What is required:
Print word for word the first line of the records below and every following line through the one containing "select your gender"; print nothing else.

——

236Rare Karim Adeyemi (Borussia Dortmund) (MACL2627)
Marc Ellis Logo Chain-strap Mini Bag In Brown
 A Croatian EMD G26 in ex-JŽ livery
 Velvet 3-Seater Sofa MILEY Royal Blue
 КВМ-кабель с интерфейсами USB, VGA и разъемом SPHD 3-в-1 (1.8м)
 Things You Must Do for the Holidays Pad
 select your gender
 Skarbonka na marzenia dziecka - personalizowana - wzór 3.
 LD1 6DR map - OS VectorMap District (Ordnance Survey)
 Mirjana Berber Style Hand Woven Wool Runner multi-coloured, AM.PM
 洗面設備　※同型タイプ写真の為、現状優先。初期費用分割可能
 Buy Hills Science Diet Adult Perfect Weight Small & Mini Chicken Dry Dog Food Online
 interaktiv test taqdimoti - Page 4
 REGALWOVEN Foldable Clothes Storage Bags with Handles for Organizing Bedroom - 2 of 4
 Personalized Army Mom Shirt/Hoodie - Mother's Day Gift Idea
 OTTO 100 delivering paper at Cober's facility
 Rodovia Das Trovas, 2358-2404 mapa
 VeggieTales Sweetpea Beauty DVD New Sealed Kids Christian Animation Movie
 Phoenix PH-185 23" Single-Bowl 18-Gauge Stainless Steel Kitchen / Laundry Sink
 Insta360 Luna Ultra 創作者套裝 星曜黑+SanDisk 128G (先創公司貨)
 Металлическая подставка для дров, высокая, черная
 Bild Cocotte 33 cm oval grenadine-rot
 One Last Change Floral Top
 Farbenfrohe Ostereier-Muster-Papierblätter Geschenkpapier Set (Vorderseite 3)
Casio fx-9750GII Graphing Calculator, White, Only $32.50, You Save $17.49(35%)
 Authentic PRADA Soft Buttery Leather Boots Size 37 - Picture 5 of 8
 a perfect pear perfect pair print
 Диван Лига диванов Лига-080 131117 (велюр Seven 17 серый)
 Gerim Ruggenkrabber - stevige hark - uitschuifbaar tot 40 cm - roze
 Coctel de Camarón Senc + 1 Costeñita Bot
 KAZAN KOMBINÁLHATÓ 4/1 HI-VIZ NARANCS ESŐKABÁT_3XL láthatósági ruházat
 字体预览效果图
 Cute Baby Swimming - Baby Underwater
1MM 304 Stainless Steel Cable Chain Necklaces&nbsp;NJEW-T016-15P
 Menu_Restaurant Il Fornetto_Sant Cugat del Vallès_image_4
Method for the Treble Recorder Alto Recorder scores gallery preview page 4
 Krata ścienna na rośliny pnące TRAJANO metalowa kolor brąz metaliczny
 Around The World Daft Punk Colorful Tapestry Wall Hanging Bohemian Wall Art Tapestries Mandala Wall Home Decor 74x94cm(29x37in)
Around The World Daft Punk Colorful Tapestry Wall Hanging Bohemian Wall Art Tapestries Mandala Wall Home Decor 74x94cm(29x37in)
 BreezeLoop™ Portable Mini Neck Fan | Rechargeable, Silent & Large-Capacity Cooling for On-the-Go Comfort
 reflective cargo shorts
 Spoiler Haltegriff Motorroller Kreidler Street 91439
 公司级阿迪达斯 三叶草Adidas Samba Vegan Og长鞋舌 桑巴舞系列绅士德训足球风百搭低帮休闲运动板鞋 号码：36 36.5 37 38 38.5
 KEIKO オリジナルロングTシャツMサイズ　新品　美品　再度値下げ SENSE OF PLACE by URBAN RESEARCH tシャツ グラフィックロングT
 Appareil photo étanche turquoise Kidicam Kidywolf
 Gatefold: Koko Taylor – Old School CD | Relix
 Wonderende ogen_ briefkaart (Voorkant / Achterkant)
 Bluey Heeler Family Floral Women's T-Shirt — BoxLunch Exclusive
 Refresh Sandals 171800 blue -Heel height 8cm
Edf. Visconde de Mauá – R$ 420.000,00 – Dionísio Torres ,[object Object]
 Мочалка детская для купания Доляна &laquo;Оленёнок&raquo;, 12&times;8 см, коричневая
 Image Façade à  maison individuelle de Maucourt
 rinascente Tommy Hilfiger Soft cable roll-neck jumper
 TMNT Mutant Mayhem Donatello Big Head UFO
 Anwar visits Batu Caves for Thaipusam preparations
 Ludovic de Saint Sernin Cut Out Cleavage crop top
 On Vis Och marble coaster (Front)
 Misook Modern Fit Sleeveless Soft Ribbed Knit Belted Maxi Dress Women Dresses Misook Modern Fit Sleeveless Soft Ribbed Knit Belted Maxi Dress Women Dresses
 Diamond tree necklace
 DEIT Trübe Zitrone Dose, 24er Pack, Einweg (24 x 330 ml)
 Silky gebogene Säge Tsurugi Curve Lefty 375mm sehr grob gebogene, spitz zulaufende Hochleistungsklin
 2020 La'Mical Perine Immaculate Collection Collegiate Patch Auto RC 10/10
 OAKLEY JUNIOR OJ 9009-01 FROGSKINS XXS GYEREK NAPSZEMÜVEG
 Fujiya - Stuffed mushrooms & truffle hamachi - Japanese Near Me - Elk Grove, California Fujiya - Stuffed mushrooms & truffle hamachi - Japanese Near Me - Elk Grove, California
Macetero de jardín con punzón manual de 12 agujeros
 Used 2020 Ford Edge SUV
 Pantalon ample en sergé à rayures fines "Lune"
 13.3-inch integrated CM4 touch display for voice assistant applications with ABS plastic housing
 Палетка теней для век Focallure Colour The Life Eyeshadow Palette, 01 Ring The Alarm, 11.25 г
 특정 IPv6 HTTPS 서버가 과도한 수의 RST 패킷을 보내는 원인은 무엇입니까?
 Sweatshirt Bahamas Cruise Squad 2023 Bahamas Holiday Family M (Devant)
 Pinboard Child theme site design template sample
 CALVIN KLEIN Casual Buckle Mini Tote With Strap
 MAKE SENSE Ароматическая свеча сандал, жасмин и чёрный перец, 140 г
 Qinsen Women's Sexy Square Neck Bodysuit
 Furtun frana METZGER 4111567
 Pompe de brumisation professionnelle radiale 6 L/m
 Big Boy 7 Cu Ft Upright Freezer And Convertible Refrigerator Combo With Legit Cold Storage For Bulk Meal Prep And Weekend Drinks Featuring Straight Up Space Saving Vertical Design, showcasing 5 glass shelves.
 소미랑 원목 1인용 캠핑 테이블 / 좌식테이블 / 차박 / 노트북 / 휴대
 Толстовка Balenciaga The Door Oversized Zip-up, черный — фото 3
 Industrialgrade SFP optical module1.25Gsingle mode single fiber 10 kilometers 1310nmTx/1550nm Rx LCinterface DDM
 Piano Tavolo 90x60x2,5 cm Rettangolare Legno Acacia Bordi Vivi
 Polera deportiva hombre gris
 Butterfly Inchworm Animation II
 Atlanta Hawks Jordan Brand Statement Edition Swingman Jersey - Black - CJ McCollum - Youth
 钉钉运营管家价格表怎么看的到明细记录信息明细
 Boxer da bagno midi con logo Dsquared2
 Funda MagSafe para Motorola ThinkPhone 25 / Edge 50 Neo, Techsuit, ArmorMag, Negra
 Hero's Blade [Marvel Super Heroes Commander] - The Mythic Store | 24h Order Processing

——

Written solution:
236Rare Karim Adeyemi (Borussia Dortmund) (MACL2627)
Marc Ellis Logo Chain-strap Mini Bag In Brown
 A Croatian EMD G26 in ex-JŽ livery
 Velvet 3-Seater Sofa MILEY Royal Blue
 КВМ-кабель с интерфейсами USB, VGA и разъемом SPHD 3-в-1 (1.8м)
 Things You Must Do for the Holidays Pad
 select your gender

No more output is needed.